**Activity**. Take the data that follows and retype it word for word.

(Short descriptive text snippets)
*** Begin section ***

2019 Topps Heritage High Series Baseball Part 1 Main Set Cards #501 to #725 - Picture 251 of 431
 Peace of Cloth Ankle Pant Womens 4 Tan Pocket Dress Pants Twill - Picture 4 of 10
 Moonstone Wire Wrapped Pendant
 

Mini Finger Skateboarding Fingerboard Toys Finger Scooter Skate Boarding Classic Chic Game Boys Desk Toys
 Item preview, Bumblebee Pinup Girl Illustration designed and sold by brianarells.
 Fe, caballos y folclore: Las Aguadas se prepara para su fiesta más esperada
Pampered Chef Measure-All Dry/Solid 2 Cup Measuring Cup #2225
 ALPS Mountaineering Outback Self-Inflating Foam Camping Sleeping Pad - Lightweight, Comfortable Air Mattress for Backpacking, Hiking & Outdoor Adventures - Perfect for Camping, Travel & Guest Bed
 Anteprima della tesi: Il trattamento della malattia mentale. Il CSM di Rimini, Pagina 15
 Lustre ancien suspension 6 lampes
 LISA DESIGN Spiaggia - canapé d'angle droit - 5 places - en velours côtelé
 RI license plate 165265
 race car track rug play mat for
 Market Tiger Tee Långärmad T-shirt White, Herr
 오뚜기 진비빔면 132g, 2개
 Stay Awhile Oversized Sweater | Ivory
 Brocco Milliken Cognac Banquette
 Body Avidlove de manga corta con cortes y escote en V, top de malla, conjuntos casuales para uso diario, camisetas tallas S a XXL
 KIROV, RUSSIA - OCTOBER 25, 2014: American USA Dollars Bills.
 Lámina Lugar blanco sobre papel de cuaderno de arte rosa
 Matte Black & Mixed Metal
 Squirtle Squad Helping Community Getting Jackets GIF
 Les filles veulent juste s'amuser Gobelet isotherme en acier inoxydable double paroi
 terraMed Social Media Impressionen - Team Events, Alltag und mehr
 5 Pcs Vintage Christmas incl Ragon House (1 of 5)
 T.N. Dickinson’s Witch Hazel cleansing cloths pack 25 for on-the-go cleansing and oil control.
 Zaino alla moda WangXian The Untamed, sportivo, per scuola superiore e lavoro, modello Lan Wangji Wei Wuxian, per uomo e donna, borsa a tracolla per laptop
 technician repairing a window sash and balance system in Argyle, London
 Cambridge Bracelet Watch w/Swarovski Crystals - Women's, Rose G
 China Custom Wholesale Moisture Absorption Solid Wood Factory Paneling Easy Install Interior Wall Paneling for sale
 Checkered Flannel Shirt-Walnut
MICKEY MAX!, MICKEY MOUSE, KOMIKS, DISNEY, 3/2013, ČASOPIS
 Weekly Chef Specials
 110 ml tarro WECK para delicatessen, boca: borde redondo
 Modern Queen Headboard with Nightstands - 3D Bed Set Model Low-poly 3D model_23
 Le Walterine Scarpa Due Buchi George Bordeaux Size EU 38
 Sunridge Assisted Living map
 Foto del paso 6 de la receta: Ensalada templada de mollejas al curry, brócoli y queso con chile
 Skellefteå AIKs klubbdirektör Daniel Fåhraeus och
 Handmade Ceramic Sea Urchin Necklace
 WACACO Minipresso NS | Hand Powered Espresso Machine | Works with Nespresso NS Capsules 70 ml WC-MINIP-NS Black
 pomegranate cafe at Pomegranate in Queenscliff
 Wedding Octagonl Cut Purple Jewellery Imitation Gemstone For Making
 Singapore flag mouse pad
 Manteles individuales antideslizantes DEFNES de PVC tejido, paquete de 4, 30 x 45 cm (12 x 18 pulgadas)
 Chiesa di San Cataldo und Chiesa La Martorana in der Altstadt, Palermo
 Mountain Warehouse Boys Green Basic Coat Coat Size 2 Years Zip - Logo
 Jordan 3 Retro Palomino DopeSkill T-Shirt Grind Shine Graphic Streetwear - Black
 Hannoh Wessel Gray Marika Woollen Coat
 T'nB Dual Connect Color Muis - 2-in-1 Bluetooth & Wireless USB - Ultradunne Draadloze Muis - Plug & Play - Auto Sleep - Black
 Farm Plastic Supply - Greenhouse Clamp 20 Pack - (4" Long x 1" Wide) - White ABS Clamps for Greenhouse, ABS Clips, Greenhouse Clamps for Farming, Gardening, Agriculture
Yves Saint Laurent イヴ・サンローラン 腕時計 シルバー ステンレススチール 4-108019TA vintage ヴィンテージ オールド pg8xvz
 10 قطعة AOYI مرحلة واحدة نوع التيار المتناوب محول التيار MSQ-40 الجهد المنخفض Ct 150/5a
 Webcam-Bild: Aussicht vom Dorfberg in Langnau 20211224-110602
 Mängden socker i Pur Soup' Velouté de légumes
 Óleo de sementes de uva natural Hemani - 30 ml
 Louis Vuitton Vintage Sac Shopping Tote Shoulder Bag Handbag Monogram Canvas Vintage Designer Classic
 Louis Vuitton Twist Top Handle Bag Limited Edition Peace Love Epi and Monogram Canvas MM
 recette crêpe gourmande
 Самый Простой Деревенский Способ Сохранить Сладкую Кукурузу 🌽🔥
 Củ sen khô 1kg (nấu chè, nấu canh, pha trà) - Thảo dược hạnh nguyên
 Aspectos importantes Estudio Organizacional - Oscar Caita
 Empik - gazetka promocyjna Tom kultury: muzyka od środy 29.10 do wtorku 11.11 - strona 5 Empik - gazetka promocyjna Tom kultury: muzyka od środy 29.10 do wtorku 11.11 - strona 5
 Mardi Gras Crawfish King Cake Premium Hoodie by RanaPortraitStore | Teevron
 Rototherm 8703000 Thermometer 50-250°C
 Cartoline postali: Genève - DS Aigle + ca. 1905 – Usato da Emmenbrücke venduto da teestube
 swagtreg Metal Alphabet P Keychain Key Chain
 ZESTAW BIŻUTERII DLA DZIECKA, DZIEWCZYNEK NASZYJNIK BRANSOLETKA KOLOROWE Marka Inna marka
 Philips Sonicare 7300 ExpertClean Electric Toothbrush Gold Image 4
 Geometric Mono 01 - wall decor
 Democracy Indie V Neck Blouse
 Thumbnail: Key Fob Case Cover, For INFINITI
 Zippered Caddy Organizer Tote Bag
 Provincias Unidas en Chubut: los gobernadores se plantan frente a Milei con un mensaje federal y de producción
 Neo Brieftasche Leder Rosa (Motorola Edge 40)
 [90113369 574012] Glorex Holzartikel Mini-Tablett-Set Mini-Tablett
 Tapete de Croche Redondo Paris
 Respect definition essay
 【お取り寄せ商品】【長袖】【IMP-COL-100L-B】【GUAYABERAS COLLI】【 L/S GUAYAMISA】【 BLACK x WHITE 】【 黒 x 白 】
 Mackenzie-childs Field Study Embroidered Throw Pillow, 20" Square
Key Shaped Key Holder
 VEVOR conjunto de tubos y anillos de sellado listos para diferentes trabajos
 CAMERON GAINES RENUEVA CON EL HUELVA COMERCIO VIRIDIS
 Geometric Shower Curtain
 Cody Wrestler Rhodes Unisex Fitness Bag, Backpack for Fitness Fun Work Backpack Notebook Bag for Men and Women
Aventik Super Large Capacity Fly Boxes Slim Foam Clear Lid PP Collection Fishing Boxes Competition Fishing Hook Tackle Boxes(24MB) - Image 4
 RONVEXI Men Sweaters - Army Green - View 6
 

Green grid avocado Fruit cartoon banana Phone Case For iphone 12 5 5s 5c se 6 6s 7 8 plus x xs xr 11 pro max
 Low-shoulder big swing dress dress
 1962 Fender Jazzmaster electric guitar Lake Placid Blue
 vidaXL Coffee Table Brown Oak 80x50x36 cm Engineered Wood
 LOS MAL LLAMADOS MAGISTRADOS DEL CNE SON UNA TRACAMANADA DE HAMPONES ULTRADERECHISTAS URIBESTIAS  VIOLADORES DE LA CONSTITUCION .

*** End section ***

**Written response**.
2019 Topps Heritage High Series Baseball Part 1 Main Set Cards #501 to #725 - Picture 251 of 431
 Peace of Cloth Ankle Pant Womens 4 Tan Pocket Dress Pants Twill - Picture 4 of 10
 Moonstone Wire Wrapped Pendant
 

Mini Finger Skateboarding Fingerboard Toys Finger Scooter Skate Boarding Classic Chic Game Boys Desk Toys
 Item preview, Bumblebee Pinup Girl Illustration designed and sold by brianarells.
 Fe, caballos y folclore: Las Aguadas se prepara para su fiesta más esperada
Pampered Chef Measure-All Dry/Solid 2 Cup Measuring Cup #2225
 ALPS Mountaineering Outback Self-Inflating Foam Camping Sleeping Pad - Lightweight, Comfortable Air Mattress for Backpacking, Hiking & Outdoor Adventures - Perfect for Camping, Travel & Guest Bed
 Anteprima della tesi: Il trattamento della malattia mentale. Il CSM di Rimini, Pagina 15
 Lustre ancien suspension 6 lampes
 LISA DESIGN Spiaggia - canapé d'angle droit - 5 places - en velours côtelé
 RI license plate 165265
 race car track rug play mat for
 Market Tiger Tee Långärmad T-shirt White, Herr
 오뚜기 진비빔면 132g, 2개
 Stay Awhile Oversized Sweater | Ivory
 Brocco Milliken Cognac Banquette
 Body Avidlove de manga corta con cortes y escote en V, top de malla, conjuntos casuales para uso diario, camisetas tallas S a XXL
 KIROV, RUSSIA - OCTOBER 25, 2014: American USA Dollars Bills.
 Lámina Lugar blanco sobre papel de cuaderno de arte rosa
 Matte Black & Mixed Metal
 Squirtle Squad Helping Community Getting Jackets GIF
 Les filles veulent juste s'amuser Gobelet isotherme en acier inoxydable double paroi
 terraMed Social Media Impressionen - Team Events, Alltag und mehr
 5 Pcs Vintage Christmas incl Ragon House (1 of 5)
 T.N. Dickinson’s Witch Hazel cleansing cloths pack 25 for on-the-go cleansing and oil control.
 Zaino alla moda WangXian The Untamed, sportivo, per scuola superiore e lavoro, modello Lan Wangji Wei Wuxian, per uomo e donna, borsa a tracolla per laptop
 technician repairing a window sash and balance system in Argyle, London
 Cambridge Bracelet Watch w/Swarovski Crystals - Women's, Rose G
 China Custom Wholesale Moisture Absorption Solid Wood Factory Paneling Easy Install Interior Wall Paneling for sale
 Checkered Flannel Shirt-Walnut
MICKEY MAX!, MICKEY MOUSE, KOMIKS, DISNEY, 3/2013, ČASOPIS
 Weekly Chef Specials
 110 ml tarro WECK para delicatessen, boca: borde redondo
 Modern Queen Headboard with Nightstands - 3D Bed Set Model Low-poly 3D model_23
 Le Walterine Scarpa Due Buchi George Bordeaux Size EU 38
 Sunridge Assisted Living map
 Foto del paso 6 de la receta: Ensalada templada de mollejas al curry, brócoli y queso con chile
 Skellefteå AIKs klubbdirektör Daniel Fåhraeus och
 Handmade Ceramic Sea Urchin Necklace
 WACACO Minipresso NS | Hand Powered Espresso Machine | Works with Nespresso NS Capsules 70 ml WC-MINIP-NS Black
 pomegranate cafe at Pomegranate in Queenscliff
 Wedding Octagonl Cut Purple Jewellery Imitation Gemstone For Making
 Singapore flag mouse pad
 Manteles individuales antideslizantes DEFNES de PVC tejido, paquete de 4, 30 x 45 cm (12 x 18 pulgadas)
 Chiesa di San Cataldo und Chiesa La Martorana in der Altstadt, Palermo
 Mountain Warehouse Boys Green Basic Coat Coat Size 2 Years Zip - Logo
 Jordan 3 Retro Palomino DopeSkill T-Shirt Grind Shine Graphic Streetwear - Black
 Hannoh Wessel Gray Marika Woollen Coat
 T'nB Dual Connect Color Muis - 2-in-1 Bluetooth & Wireless USB - Ultradunne Draadloze Muis - Plug & Play - Auto Sleep - Black
 Farm Plastic Supply - Greenhouse Clamp 20 Pack - (4" Long x 1" Wide) - White ABS Clamps for Greenhouse, ABS Clips, Greenhouse Clamps for Farming, Gardening, Agriculture
Yves Saint Laurent イヴ・サンローラン 腕時計 シルバー ステンレススチール 4-108019TA vintage ヴィンテージ オールド pg8xvz
 10 قطعة AOYI مرحلة واحدة نوع التيار المتناوب محول التيار MSQ-40 الجهد المنخفض Ct 150/5a
 Webcam-Bild: Aussicht vom Dorfberg in Langnau 20211224-110602
 Mängden socker i Pur Soup' Velouté de légumes
 Óleo de sementes de uva natural Hemani - 30 ml
 Louis Vuitton Vintage Sac Shopping Tote Shoulder Bag Handbag Monogram Canvas Vintage Designer Classic
 Louis Vuitton Twist Top Handle Bag Limited Edition Peace Love Epi and Monogram Canvas MM
 recette crêpe gourmande
 Самый Простой Деревенский Способ Сохранить Сладкую Кукурузу 🌽🔥
 Củ sen khô 1kg (nấu chè, nấu canh, pha trà) - Thảo dược hạnh nguyên
 Aspectos importantes Estudio Organizacional - Oscar Caita
 Empik - gazetka promocyjna Tom kultury: muzyka od środy 29.10 do wtorku 11.11 - strona 5 Empik - gazetka promocyjna Tom kultury: muzyka od środy 29.10 do wtorku 11.11 - strona 5
 Mardi Gras Crawfish King Cake Premium Hoodie by RanaPortraitStore | Teevron
 Rototherm 8703000 Thermometer 50-250°C
 Cartoline postali: Genève - DS Aigle + ca. 1905 – Usato da Emmenbrücke venduto da teestube
 swagtreg Metal Alphabet P Keychain Key Chain
 ZESTAW BIŻUTERII DLA DZIECKA, DZIEWCZYNEK NASZYJNIK BRANSOLETKA KOLOROWE Marka Inna marka
 Philips Sonicare 7300 ExpertClean Electric Toothbrush Gold Image 4
 Geometric Mono 01 - wall decor
 Democracy Indie V Neck Blouse
 Thumbnail: Key Fob Case Cover, For INFINITI
 Zippered Caddy Organizer Tote Bag
 Provincias Unidas en Chubut: los gobernadores se plantan frente a Milei con un mensaje federal y de producción
 Neo Brieftasche Leder Rosa (Motorola Edge 40)
 [90113369 574012] Glorex Holzartikel Mini-Tablett-Set Mini-Tablett
 Tapete de Croche Redondo Paris
 Respect definition essay
 【お取り寄せ商品】【長袖】【IMP-COL-100L-B】【GUAYABERAS COLLI】【 L/S GUAYAMISA】【 BLACK x WHITE 】【 黒 x 白 】
 Mackenzie-childs Field Study Embroidered Throw Pillow, 20" Square
Key Shaped Key Holder
 VEVOR conjunto de tubos y anillos de sellado listos para diferentes trabajos
 CAMERON GAINES RENUEVA CON EL HUELVA COMERCIO VIRIDIS
 Geometric Shower Curtain
 Cody Wrestler Rhodes Unisex Fitness Bag, Backpack for Fitness Fun Work Backpack Notebook Bag for Men and Women
Aventik Super Large Capacity Fly Boxes Slim Foam Clear Lid PP Collection Fishing Boxes Competition Fishing Hook Tackle Boxes(24MB) - Image 4
 RONVEXI Men Sweaters - Army Green - View 6
 

Green grid avocado Fruit cartoon banana Phone Case For iphone 12 5 5s 5c se 6 6s 7 8 plus x xs xr 11 pro max
 Low-shoulder big swing dress dress
 1962 Fender Jazzmaster electric guitar Lake Placid Blue
 vidaXL Coffee Table Brown Oak 80x50x36 cm Engineered Wood
 LOS MAL LLAMADOS MAGISTRADOS DEL CNE SON UNA TRACAMANADA DE HAMPONES ULTRADERECHISTAS URIBESTIAS  VIOLADORES DE LA CONSTITUCION .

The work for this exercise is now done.